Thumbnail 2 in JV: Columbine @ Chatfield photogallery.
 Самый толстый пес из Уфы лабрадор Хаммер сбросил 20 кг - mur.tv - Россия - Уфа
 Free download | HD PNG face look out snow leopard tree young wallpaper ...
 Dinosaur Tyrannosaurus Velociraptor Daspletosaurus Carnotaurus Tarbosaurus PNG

+++

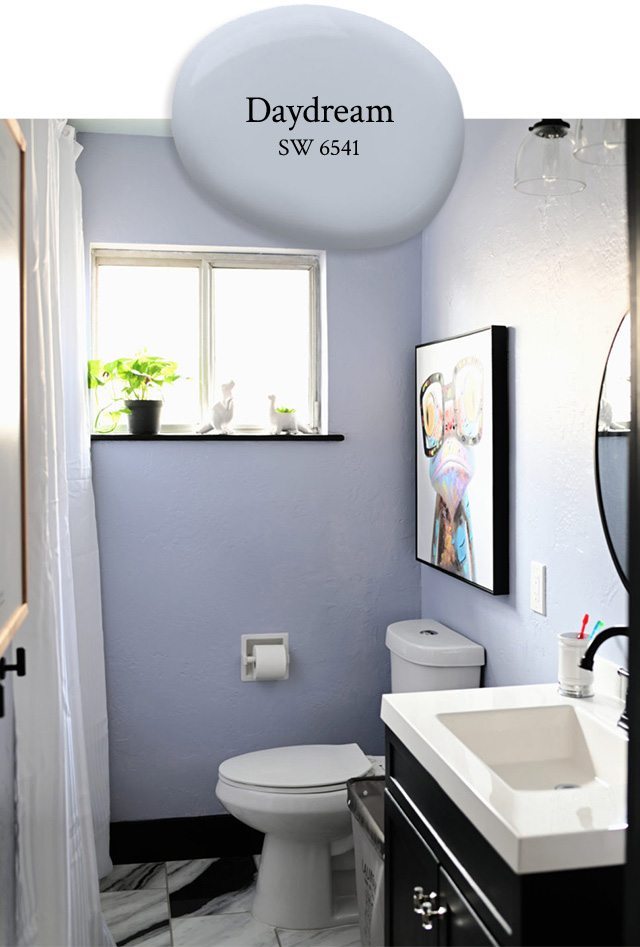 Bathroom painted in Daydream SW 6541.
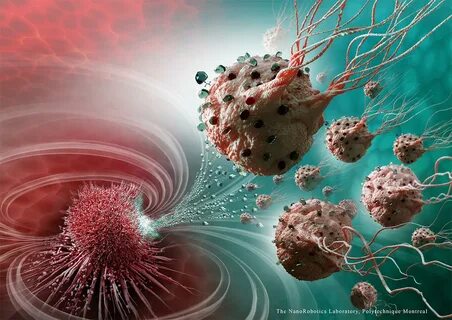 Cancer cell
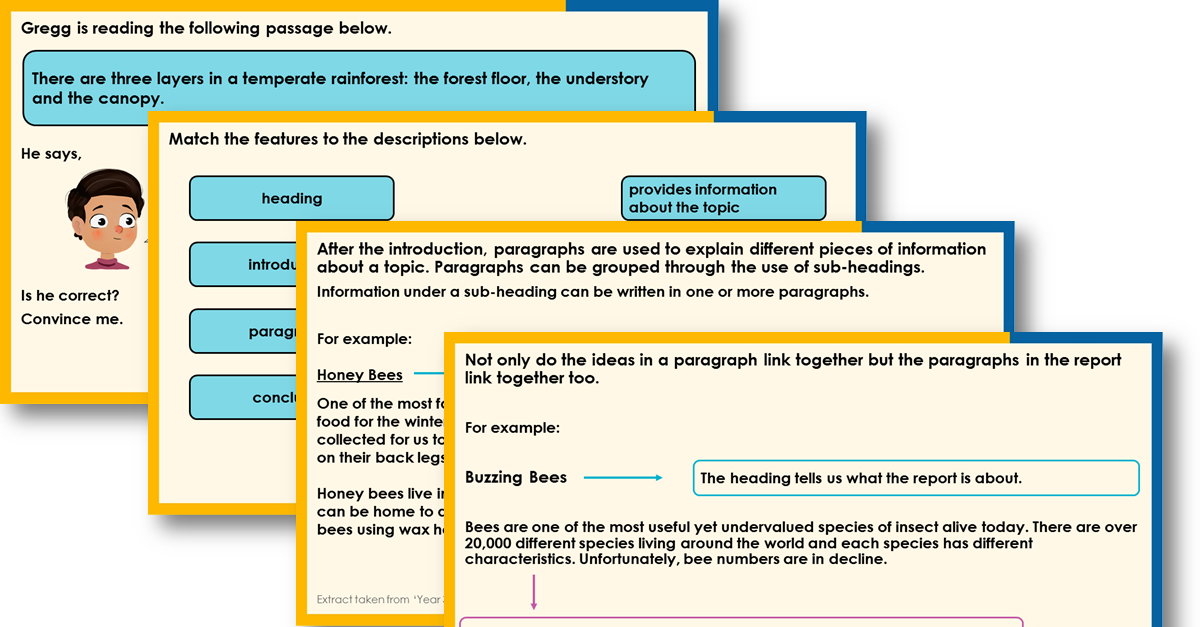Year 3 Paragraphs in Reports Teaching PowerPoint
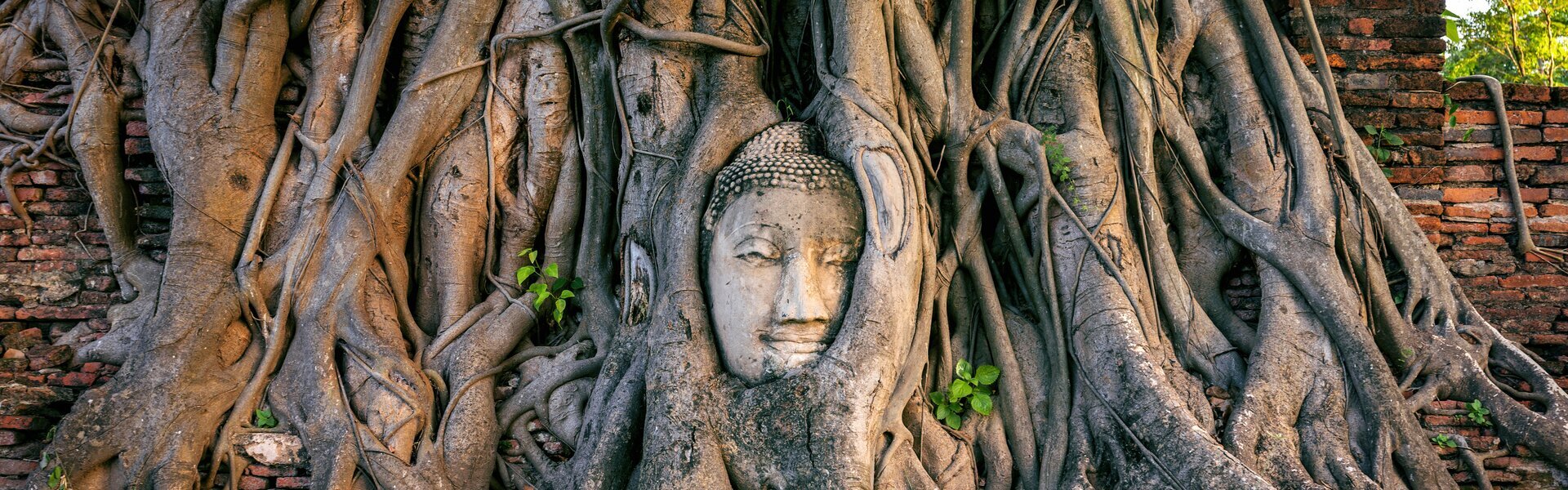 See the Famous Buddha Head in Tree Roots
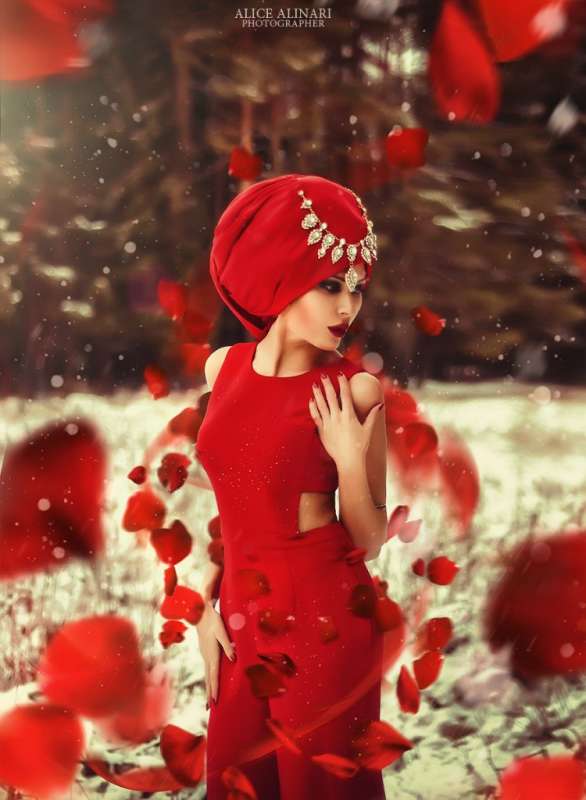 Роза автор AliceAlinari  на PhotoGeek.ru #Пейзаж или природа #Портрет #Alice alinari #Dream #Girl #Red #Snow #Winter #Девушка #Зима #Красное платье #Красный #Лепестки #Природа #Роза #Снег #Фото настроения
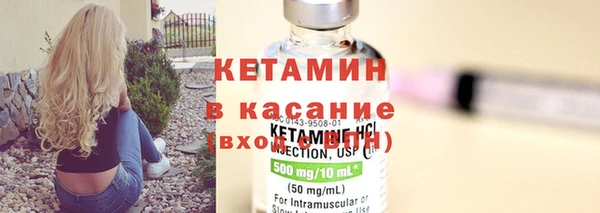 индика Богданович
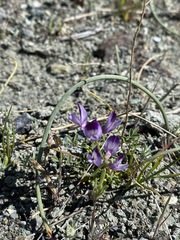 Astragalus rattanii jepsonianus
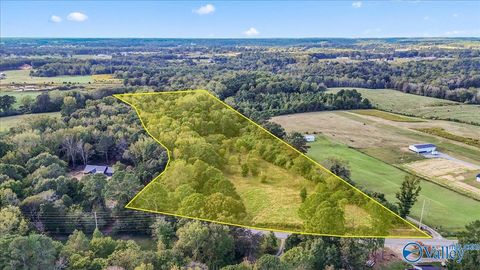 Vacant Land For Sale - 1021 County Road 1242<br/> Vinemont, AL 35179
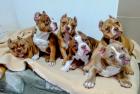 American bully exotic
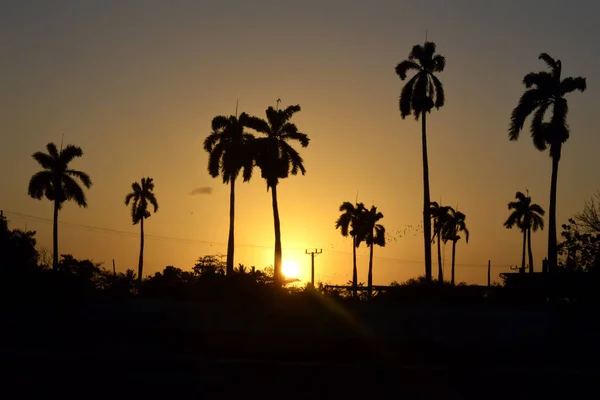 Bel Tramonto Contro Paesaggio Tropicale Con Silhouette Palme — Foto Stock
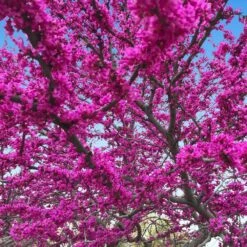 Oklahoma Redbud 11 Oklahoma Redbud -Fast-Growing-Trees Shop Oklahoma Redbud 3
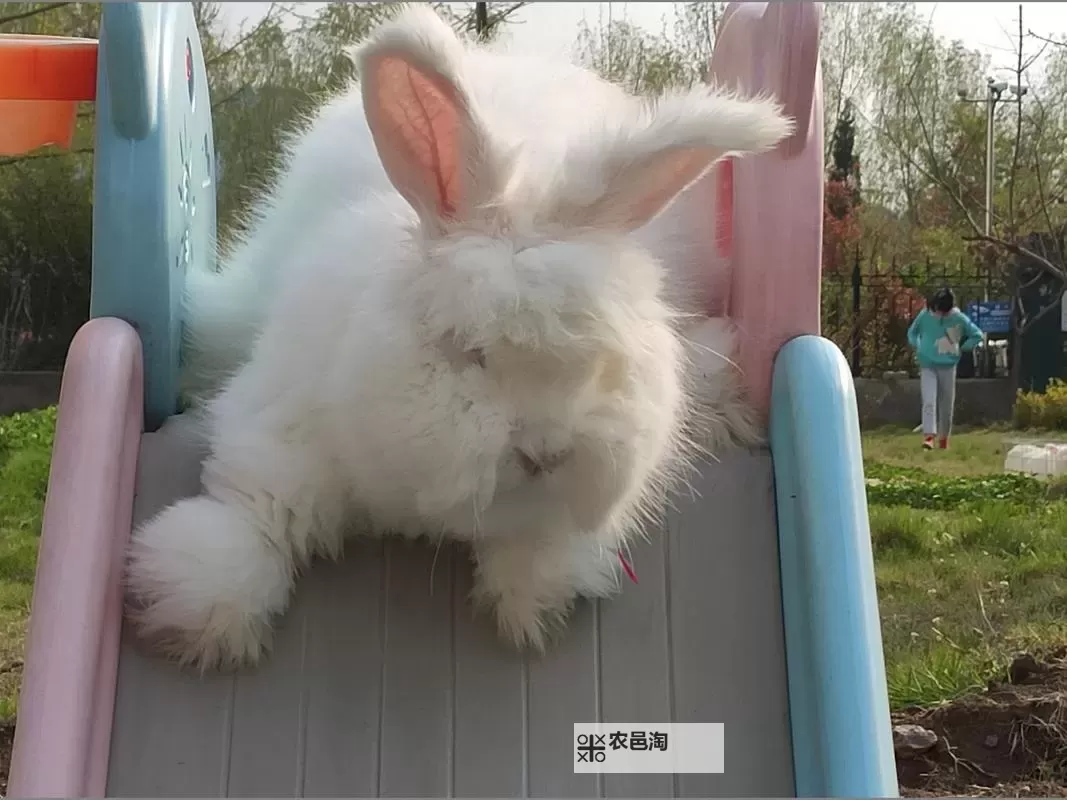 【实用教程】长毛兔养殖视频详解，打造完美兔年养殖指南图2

+++

- TASK REQUIREMENTS
Out of the data above, set down the lines from the one with "Free download |" to the one with "Dinosaur Tyrannosaurus Velociraptor", both included, exactly as written and with no additions.

- RESULT BELOW
 Free download | HD PNG face look out snow leopard tree young wallpaper ...
 Dinosaur Tyrannosaurus Velociraptor Daspletosaurus Carnotaurus Tarbosaurus PNG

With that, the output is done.